• [Your goal] Using "door" as the search string, find the matching lines below and copy them.

• [Data for analysis]
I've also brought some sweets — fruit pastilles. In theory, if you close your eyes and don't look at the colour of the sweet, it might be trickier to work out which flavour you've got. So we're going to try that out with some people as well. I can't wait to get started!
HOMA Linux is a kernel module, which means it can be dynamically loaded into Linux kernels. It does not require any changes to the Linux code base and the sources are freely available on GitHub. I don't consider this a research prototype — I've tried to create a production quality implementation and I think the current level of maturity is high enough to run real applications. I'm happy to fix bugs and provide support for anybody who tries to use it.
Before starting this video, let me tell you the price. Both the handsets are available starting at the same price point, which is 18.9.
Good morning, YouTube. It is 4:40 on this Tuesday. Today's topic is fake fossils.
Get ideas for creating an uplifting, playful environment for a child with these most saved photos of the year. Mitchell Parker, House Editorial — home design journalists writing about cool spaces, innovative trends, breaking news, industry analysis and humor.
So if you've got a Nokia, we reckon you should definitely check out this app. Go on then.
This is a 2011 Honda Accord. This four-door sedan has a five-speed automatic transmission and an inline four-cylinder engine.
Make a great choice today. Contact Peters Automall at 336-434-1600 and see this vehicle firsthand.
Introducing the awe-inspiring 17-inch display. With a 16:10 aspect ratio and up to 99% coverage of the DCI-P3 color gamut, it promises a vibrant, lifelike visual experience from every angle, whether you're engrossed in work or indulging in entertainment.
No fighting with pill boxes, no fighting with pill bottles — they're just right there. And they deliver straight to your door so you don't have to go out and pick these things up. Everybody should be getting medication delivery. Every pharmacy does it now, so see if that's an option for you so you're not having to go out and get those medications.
...
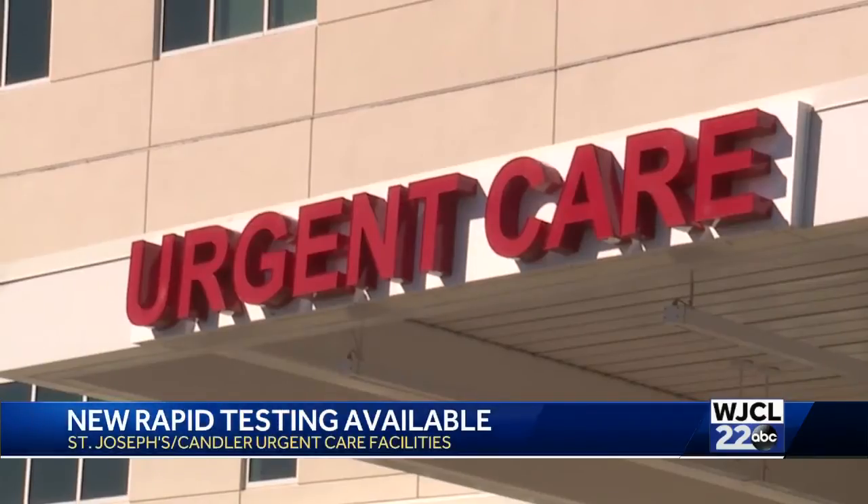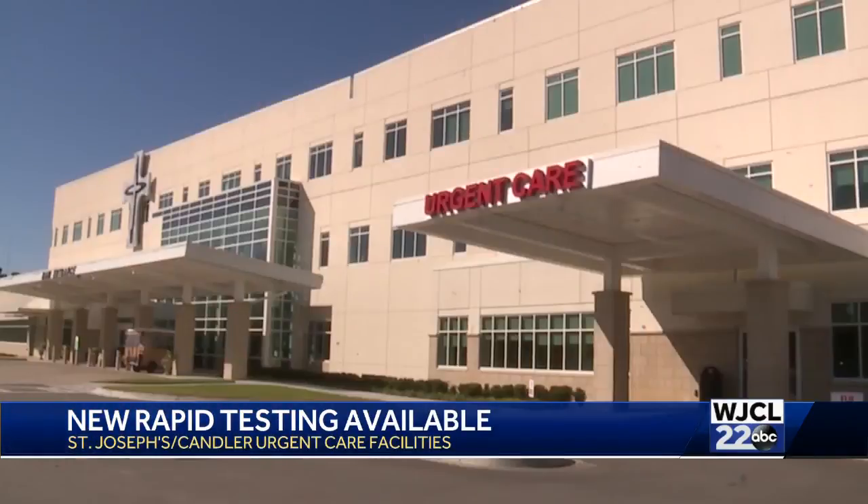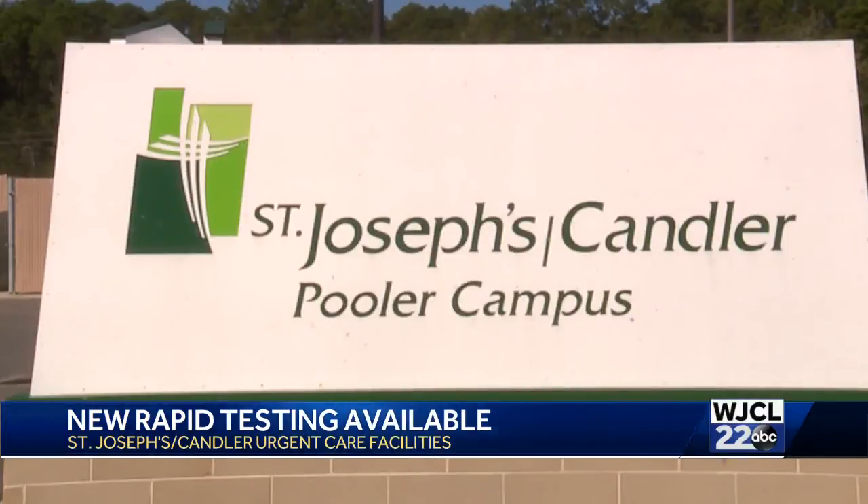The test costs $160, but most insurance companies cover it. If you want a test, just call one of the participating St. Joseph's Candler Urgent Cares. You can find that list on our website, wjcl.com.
---
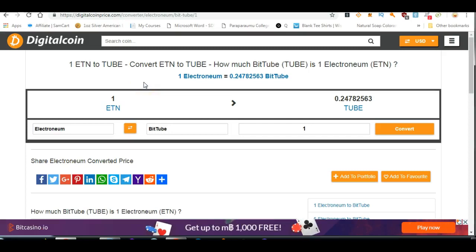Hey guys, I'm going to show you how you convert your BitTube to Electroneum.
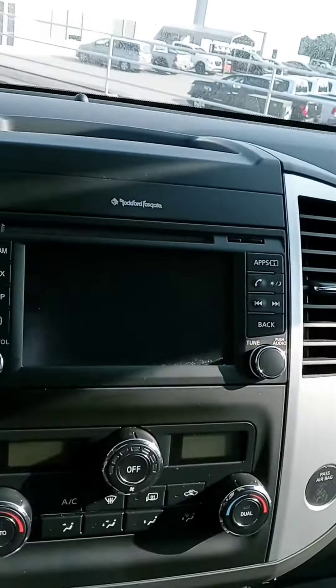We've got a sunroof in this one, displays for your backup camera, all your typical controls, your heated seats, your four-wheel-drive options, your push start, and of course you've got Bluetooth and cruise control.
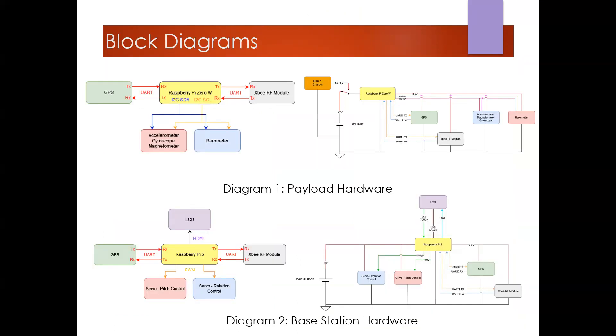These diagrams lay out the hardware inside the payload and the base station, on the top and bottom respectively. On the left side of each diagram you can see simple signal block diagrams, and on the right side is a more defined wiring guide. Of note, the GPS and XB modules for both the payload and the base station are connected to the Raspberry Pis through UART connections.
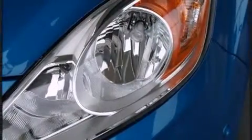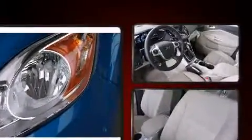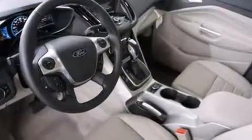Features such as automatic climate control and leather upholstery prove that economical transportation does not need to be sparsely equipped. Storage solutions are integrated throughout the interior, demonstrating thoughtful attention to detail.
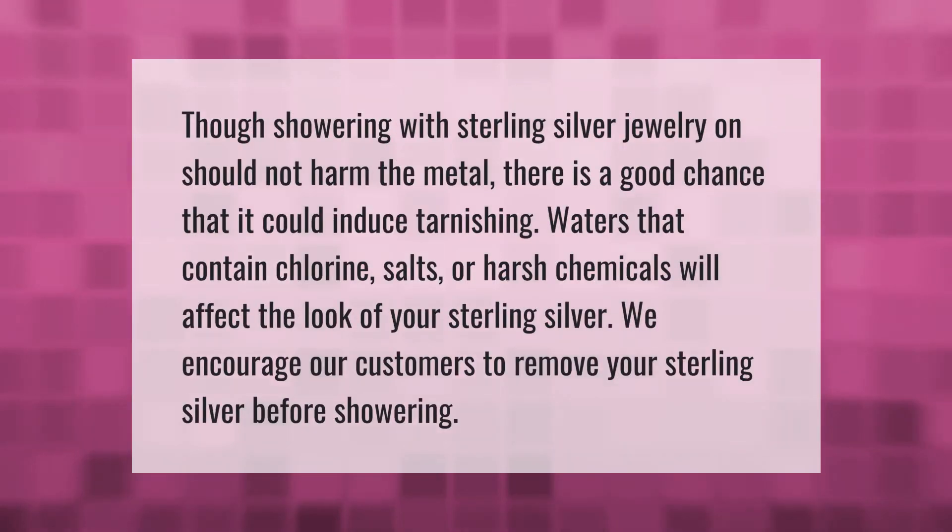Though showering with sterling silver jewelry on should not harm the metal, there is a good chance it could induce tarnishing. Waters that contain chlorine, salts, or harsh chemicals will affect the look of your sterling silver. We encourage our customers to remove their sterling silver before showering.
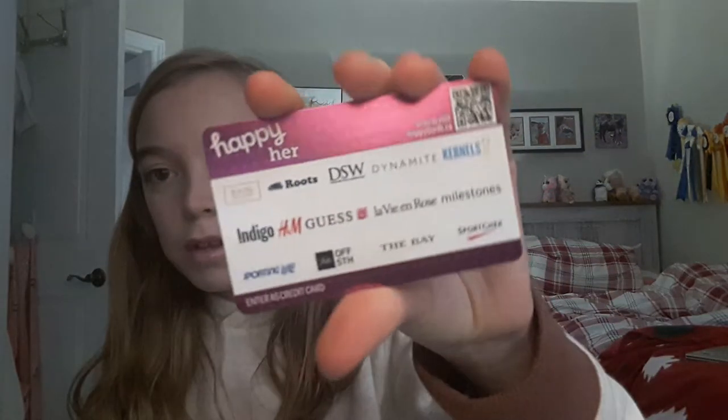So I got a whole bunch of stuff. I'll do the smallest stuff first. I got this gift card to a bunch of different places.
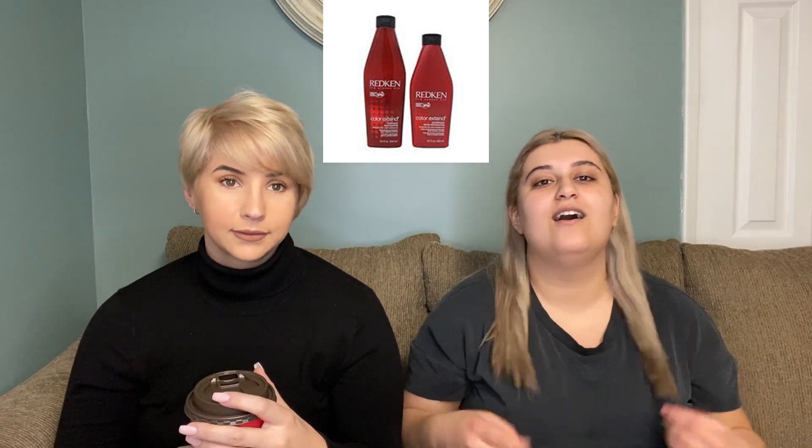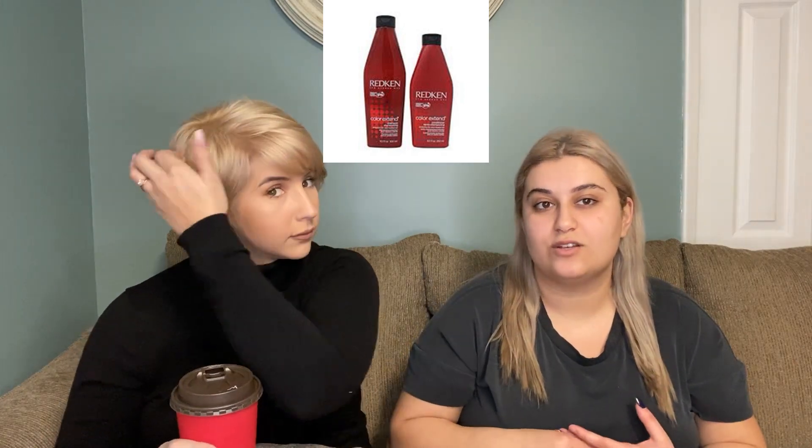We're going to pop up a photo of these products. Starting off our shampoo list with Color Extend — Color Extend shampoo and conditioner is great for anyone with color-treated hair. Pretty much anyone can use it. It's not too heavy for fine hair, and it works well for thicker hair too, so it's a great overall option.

• [Exercise response]
This is a 2011 Honda Accord. This four-door sedan has a five-speed automatic transmission and an inline four-cylinder engine.
No fighting with pill boxes, no fighting with pill bottles — they're just right there. And they deliver straight to your door so you don't have to go out and pick these things up. Everybody should be getting medication delivery. Every pharmacy does it now, so see if that's an option for you so you're not having to go out and get those medications.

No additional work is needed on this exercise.